Quindi, senza violazione del Codice della Strada non era possibile denunciare penalmente il responsabile del Movimento Trieste Libera e bloccare una manifestazione politica che per le autorità italiane non si doveva fare. Perché il passo successivo era la rimozione forzata dei cartelli segnaletici con le scritte del confine di Stato e le norme di riferimento. Cosa poi accaduta con tanto di richiesta di intervento ai Vigili del Fuoco.

Ma appunto mancavano i presupposti: non vi era alcuna vìolazione del Codice della Strada, come più volte detto ai poliziotti intervenuti per portare via quei cartelli simbolo di libertà. E lo hanno confermato due agenti della stessa Polizia Stradale rifiutatisi di eseguire un ordine illegittimo: nessuna vìolazione del Codice della Strada.

Non vi era alcun motivo per portare via di forza quei cartelli. Si è trattato di un arbitrario  sequestro preventivo confermato dalla Procura della Repubblica di Trieste, senza che ve ne fossero i presupposti, se non quello di impedire illegittimamante una manifestazione politica e di denunciare in maniera intimidatoria il presidente del movimento politico: gravissimo.

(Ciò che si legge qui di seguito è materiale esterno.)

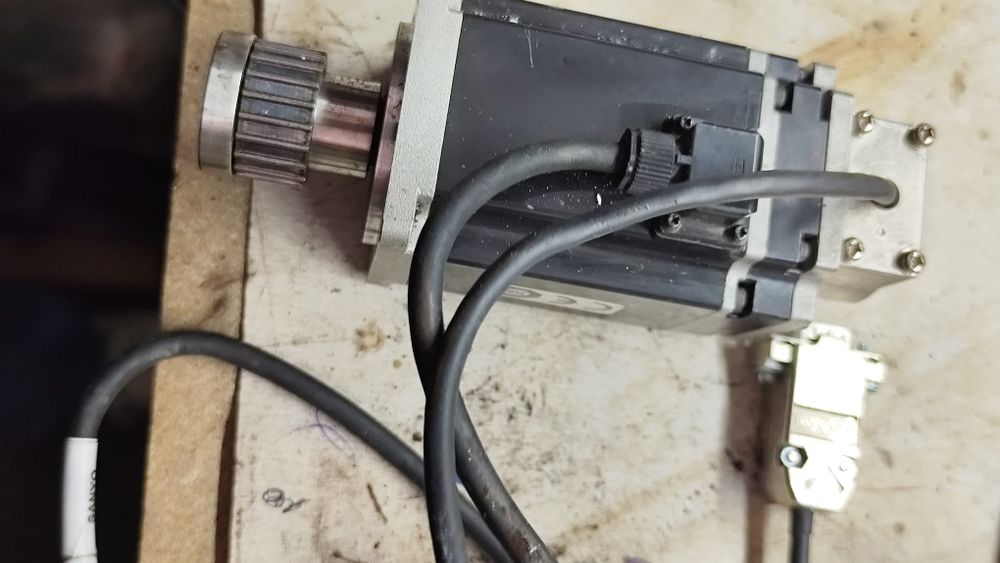 Servo motor sanyo denki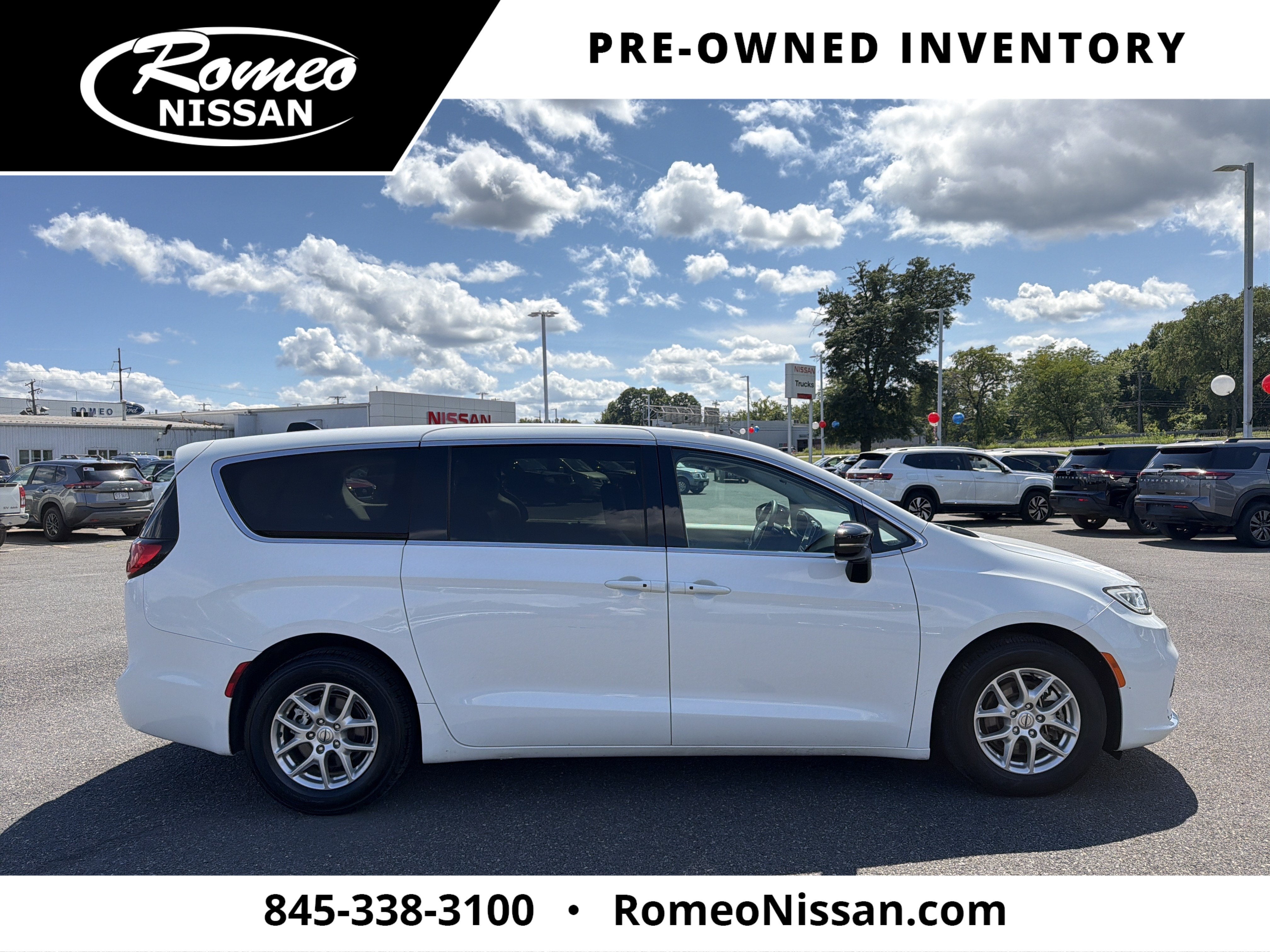 2024 Chrysler Pacifica Touring L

Come affermato dall’avvocato Edoardo Longo nel ricorso per il dissequestro: “I cartelli non provano un bel niente, sono oggetti inerti ed esterni al fatto di condotta, benchè “oggetti del desiderio” delle forze di polizia che volevano bloccare una manifestazione e basta. Siamo di fronte ad una evidente forzatura del PM (Pubblico Ministero) per sanare una condotta alquanto spregiudicata delle forze di polizia. Inoltre, appare grottesco ed allucinante che il PM ritenga necessaria l’acquisizione dei cartelli per “indagini sui manufatti/accertamenti tecnici/soggetti coinvolti “… ma dove siamo? Mica si tratta di banconote false o quadri falsi su cui debbano essere svolti accertamenti! …. Il sequestro effettuato per la “ricerca” di altre notizie di reato è vietato dalla legge in modo assoluto…. Il senso del sequestro non è quindi sorretto da una ragione apprezzabile, ma è in tutta evidenza un atto di polizia illegittimo, volto a impedire una manifestazione politica non gradita dalle autorità governative, nulla di più”.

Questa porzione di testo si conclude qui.